How does one immerse a 21st century audience in a Victorian science fiction story about Martians? That is the question…and The Crystal Egg is the answer.

The original short story was written in 1897 by H.G Wells (who I had the pleasure of meeting before the show, but more on that later) and is widely, yet unofficially, regarded as the precursor to his prolific novel ‘The War of the Worlds’. It tells the story of the unfortunate Charley Wace and the troubles that have befallen him and his near-enough-family, the Cave family, ever since his somewhat strange inheritance of a crystal egg. We are delivered the introduction to the show on a street in Seven Dials before being physically led into Cave’s shop of antiques and curiosities for the remainder of the show.
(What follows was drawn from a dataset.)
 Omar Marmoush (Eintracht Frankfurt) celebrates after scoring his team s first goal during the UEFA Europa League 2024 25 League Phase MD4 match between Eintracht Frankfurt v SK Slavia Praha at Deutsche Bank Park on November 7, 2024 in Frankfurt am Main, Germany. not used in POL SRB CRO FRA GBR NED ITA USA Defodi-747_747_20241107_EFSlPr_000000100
I personally love how many shows that take place in the Vaults choose to wander down the immersive path; my love for that specific type of theatre is part of why I love the Vaults as a performance venue so much. So removed from the hustle and bustle of the city, it is perfect for such endeavours. And even more so for period pieces. It’s generally quite dark and vacuous and has a very distinctive scent that somehow intermingles beautifully with the sensory refocus so integral to successful immersive theatre. The frequent rumble of the trains overhead actually enhance the piece, rather than distracted from it. In fact, there was a moment when the steady beat of the *chug chug* above us synchronised completely with the rhythm of the sound effects within the show and I wondered whether the creative team had taken it upon themselves to time it as such.  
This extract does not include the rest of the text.